Israel invaded southern Lebanon to drive out the PLO bases and besieged Beirut. A UN delegation restored a temporary peace and Israeli and Syrian troops withdrew from the country. Complex internecine violence remained through the 80s between Lebanon’s various ethnic clans. The Taif Agreement of 1989 gave a prominent role to Syria in the implementation of peace for the country. Maronite General Aoun denounced the Taif agreement and launched an unsuccessful ‘war of liberation’ against Syria and their Lebanese allies. Though hostilities formally ended in 1991, Syrian troops remained in the country for another 15 years. Their departure was hastened by the assassination of Lebanese PM Rafik Hariri in a car bomb explosion. Though never proven, Syria was deemed responsible for the attack, due to its extensive presence in Lebanon and to the public rift between Hariri and Damascus over the constitutional amendment extending pro-Syrian President Lahoud's term in office. Popular demonstrations known as the “cedar revolution” allied to international pressure forced Syria to remove its remaining 15,000 troops in April, 2005.

Syria is again under pressure from the US and Israel not to get involved in the Lebanon crisis. Israel has signalled it does not want an all-out conflict with Damascus and its only target is Hezbollah.
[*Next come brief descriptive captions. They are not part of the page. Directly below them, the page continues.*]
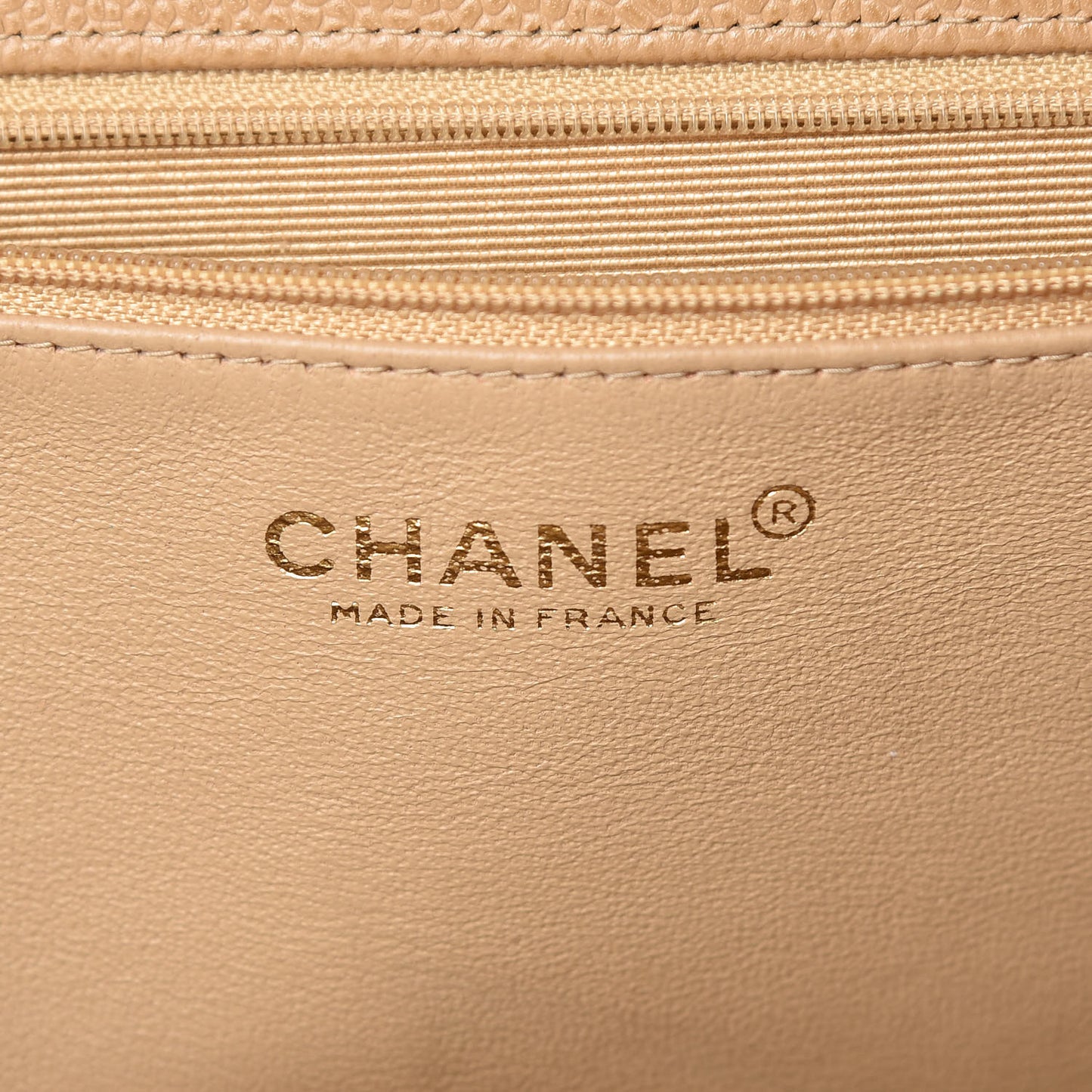 Caviar CC Tote Beige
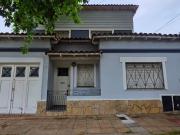 CASA MULTIFAMILIAR VENTA LOMAS DE ZAMORA PILETA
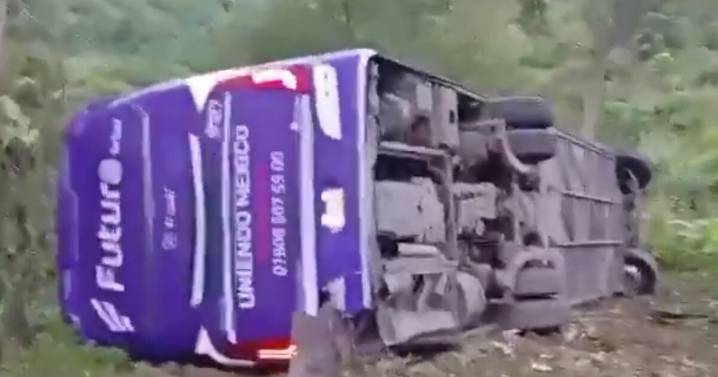 Volcadura de autobús en Tlanchinol, Hidalgo deja cinco personas muertas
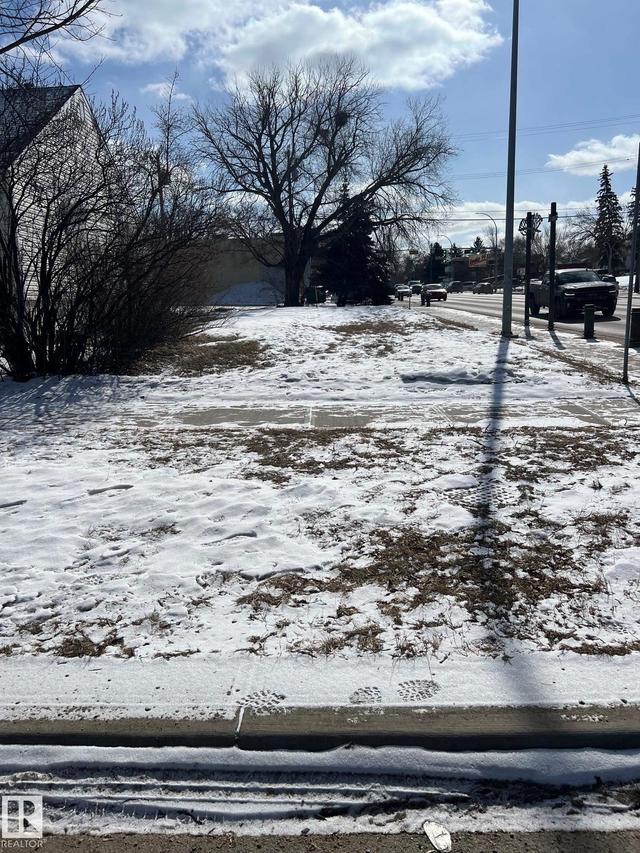 8915 99 Street NW  Edmonton, AB T6E 2T2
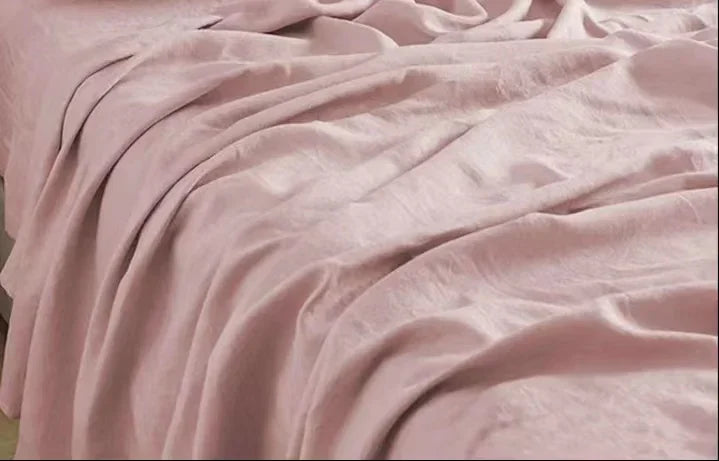 "Luxe linnen beddengoed, zacht & comfortabel, in elegant lichtgrijs voor een serene slaapkameruitstraling."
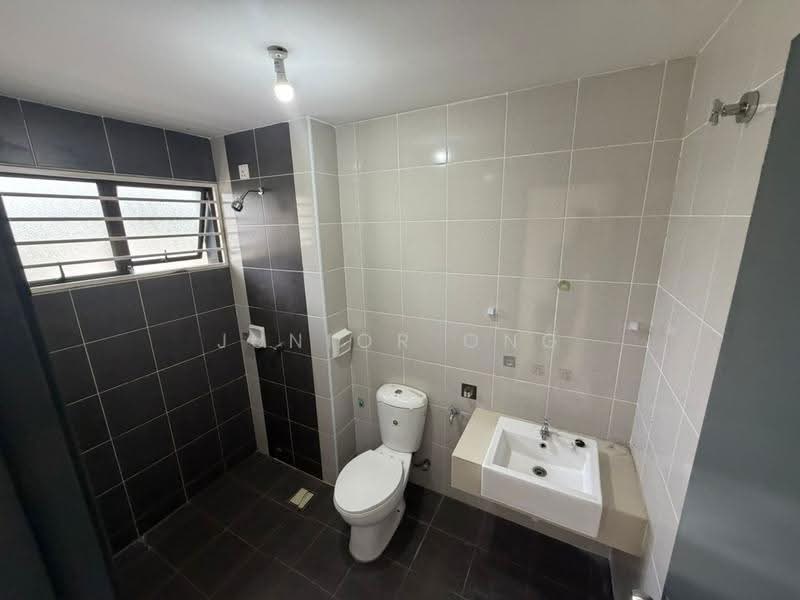 2-storey Terraced House for Sale in Rawang (Selangor) - Junior Ong - Bathroom - PropertyGuru.com.my
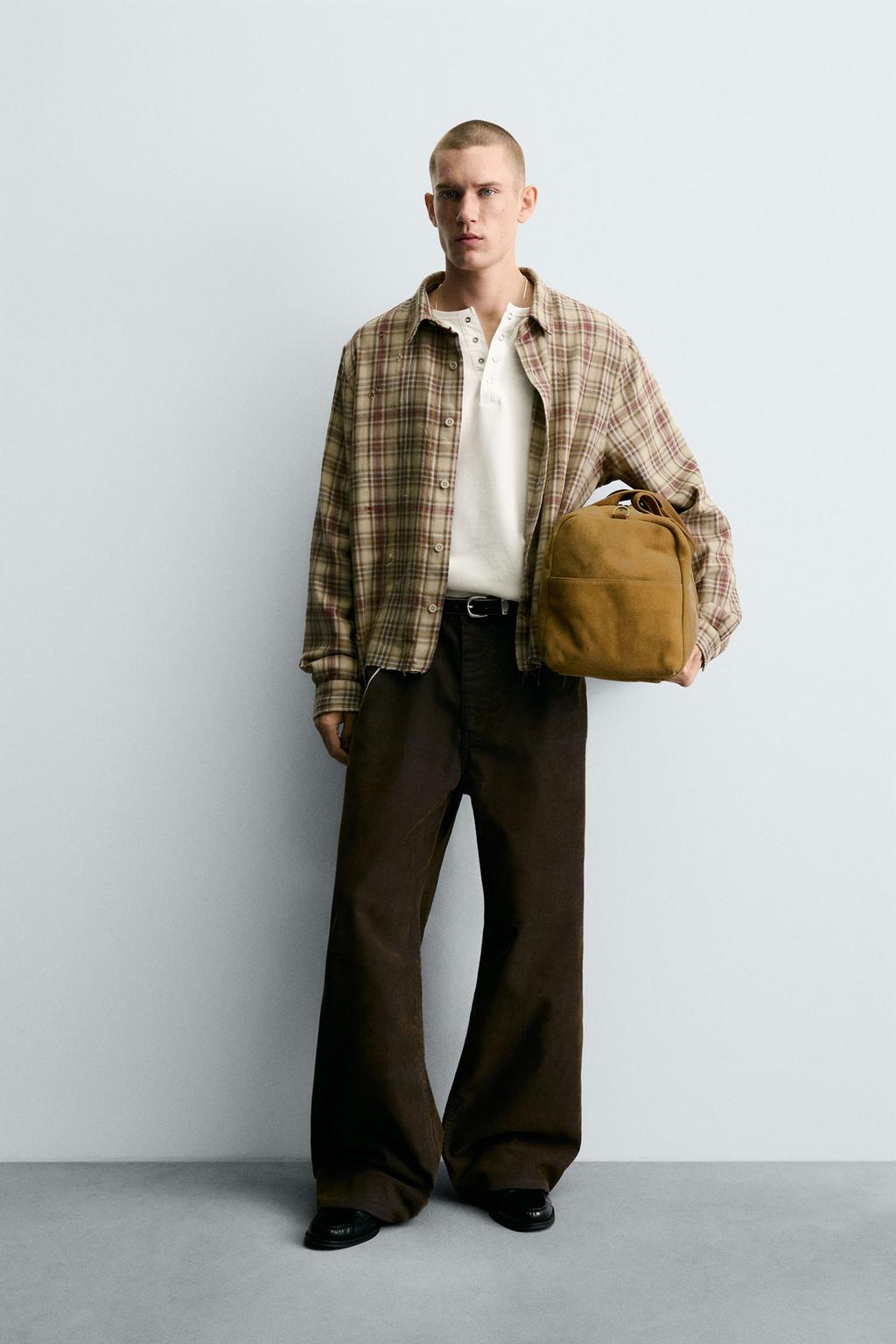 РУБАШКА В КЛЕТКУ С ЭФФЕКТОМ РВАНЫХ ДЕТАЛЕЙ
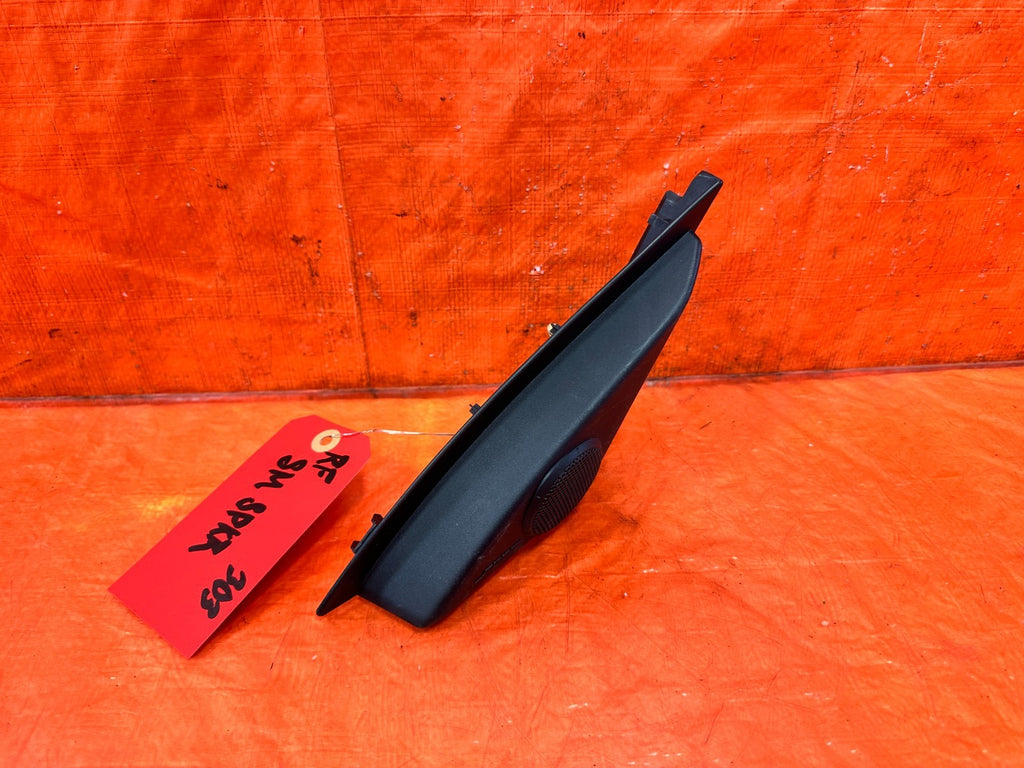 09 11 MAZDA RX8 RX 8   PASSENGER RIGHT TWEETER W/ GARNISH TRIM   OEM #3032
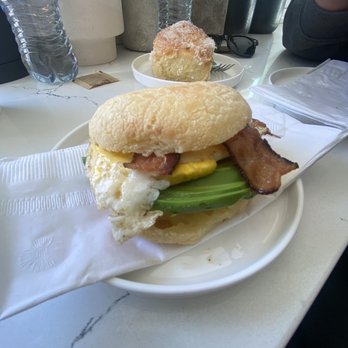 Cafe de Casa - Fried egg, bacon and avocado sandwich - Brazilian Near Me - San Francisco, California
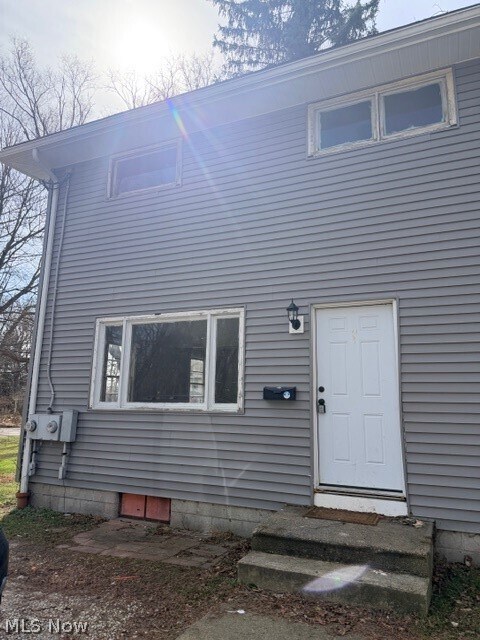 Building Photo - 208 Barder Ave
It did claim however that Syria is resupplying Hezbollah with rockets. Israel claims that most of the rockets that have dropped on Haifa in the last week were manufactured in Syria. Syria removed its troops from Lebanon under UN supervision 12 months ago after the international outcry over the assassination of five-time premier Hariri. But with the Gaza offensive a month old and the two-week Lebanon operation, Israel cannot afford to immediately open a third front. For that they require the support of the US.

The US has repeatedly called for regime change in Syria and believes it to be a sponsor of terrorism. They are supported by Israeli Foreign Minister Tzipi Livni. On Wednesday he chillingly called for the elimination of “the threat posed by the axis of terror and hate - Hezbollah, Hamas, Syria and Iran". Israeli MP Effi Eitam, a member of the foreign affairs and defence parliamentary committee made it clear what the intention when he told AFP: "we will have to take care of Syria at some point.”